Back to the topic of the article, I agree that we have far too many politicians in government at all levels who have either been there too long or are simply too old. Sorry if I offend any of you who may fit into the “Senior Citizen” catagory, but it’s a simple fact that mental processes deteriorate and diminish with age. Some of us will even swear that it’s happening before we reach our Golden Years. Point is, regardless of experience, we need politicians who are sharp, quick, and able to absorb large amounts of complex information to establish sound policies and make decisions in a reasonable amount of time.
This is a perfect stepping point in demanding term limits on ALL elected officials. Politicians who serve more than a couple terms establish very powerful connections that make it near impossible for challengers to have a chance.
Report thisBy john polifronio, July 27 at 8:36 pm #
(Unregistered commenter)
Mr. Judge would now have us justify that Obama is an “empty suit,” on the grounds that Bush was also, it turns out, an empty suit. His accomplishments in law school qualify him for a position in a presitigious law firm, not for the presidency of the United States. In fact, the country was duped by Bush. The electorate “trusted,” that his governorship in Texas, and his “alleged” miltary career amounted to something. Obama doesn’t even have either of these to make pretense over. In other words, you’re saying, that people ought to vote for a hypocrite that has gone back on nearly every promise he made to support progressive leadership, on the grounds, that he’s as bad as Bush. Huh!?
Report thisjp
By Joseph J. Judge, July 27 at 9:20 am #
(Unregistered commenter)
Those GOP supporters weren’t so hot on “experience” in 2000 when they cheered the inauguration of a man who couldn’t even say the names of important foreign leaders. And the way they sneer at Senator Obama’s alleged “inexperience,” you’d think he was some 17-year old kid fresh out of high school (which, I’ll grant, he may look like in comparison with his almost doddering opponent). They’d like voters to forget Obama’s distinguished scholastic record and Harvard Law degree - including his tenure as Law Review Editor - and his service in community development work in Illinois. They’d also like voters to forget Obama’s role as a professor in one of the country’s premier law schools (University of Chicago) where he taught Constitutional Law (yeah, that Constitution - the one George W. doesn’t seem to know much about except for what John Yoo and David Addington tell him). True, Senator Obama can’t match W’s record of “miltary service”, which seems to have featured cushy assignments based on his family money and connections and lots of extended leaves so he could play politics instead of maintaining his flight proficiency. But, as Joe Conaston says, the GOP leaders and the present administration don’t seem to have learned much for all their vaunted “experience.”

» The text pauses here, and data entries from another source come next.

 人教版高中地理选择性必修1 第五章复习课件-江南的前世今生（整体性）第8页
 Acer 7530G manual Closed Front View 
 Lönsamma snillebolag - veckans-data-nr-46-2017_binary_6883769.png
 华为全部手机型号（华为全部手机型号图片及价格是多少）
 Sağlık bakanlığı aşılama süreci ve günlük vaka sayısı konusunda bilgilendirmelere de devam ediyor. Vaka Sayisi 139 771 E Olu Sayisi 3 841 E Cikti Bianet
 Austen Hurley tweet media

Report thisBy VietnamVet, July 26 at 4:41 am #
Well, despite what you may think of Obama’s experience or lack thereof, one thing is for damned sure: he could not do worse than has Bush and his misfits have done for the past seven and a half years! The list of what he and his have done TO this country is mind boggling and heart breaking. In any other time, he would have been in the impeachment docks long ago. We do not need four more years of disaster that McCain would surely bring on. And, by the way, calling folks that hold a different opinion of McCain “saps” lowers the writer’s own credibility, leaving it an open question as to who is the sap!

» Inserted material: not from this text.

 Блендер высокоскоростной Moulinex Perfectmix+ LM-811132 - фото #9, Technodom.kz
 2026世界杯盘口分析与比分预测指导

Report thisBy john polifronio, July 25 at 11:03 pm #
(Unregistered commenter)
Big B, you couldn’t have misjudged me more. As far as I’m concerned, McCain is a pathetic old fool, and the invasion of Iraq, perhaps the worst and most inhuman tragedy that has befallen this country. Yet, you can still hear media broadcasts that pretend that Obama’s pretense of opposing the Iraqi invasion was noble evidence of his “sound judgment,” when he actually did the most important thing you can do to perpetuate an illegal war: he voted to fund every demand made by the Bush admin. to finance that invasion. But neither Obama or mainstream media ever mention this inconvenient fact. Obama’s hypocrisy is stunning.

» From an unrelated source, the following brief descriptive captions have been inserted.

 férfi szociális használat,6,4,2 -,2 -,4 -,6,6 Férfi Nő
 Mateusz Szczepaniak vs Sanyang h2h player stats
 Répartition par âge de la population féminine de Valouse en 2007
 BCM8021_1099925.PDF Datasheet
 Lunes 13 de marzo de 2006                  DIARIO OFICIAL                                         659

Report thisBy Big B, July 25 at 7:03 pm #
Your points about Obama are well taken. I would not vote for him as dog catcher. But are you willing to drink from the old world “we can still win Vietnam” koolaid pitcher that McCain is selling? This is a man that was torchered and now approves of it because of political expediency. Our nation cannot afford four more years of the neocon foreign policy wetdream that is the war on terror.
Report thisI would suggest a vote for Ron Paul. At least your conscience will be clean.
By john polifronio, July 25 at 6:31 pm #
(Unregistered commenter)
It isn’t that Obama simply lacks “foreign policy,” or “battle” experience; he lacks “any” experience. He has a charming smile, and a smooth tongue, when he’s scripted. When he isn’t scripted, he hems and haws, trips over his own words, and generally sounds like a inexperienced lawyer. Is this what we’re supposed to accept for the presidency of the free world? The man is a ham and a poseur, a deceitful, bellicose, easily manipulated, and ethically challenged imposter. People like this guy, just to the extent that they “don’t” know him. Do your own research, but do it with some thoroughness. Try to get beyond the mainstream media song and dance, and his Hope and Change jingle. Its all bull.....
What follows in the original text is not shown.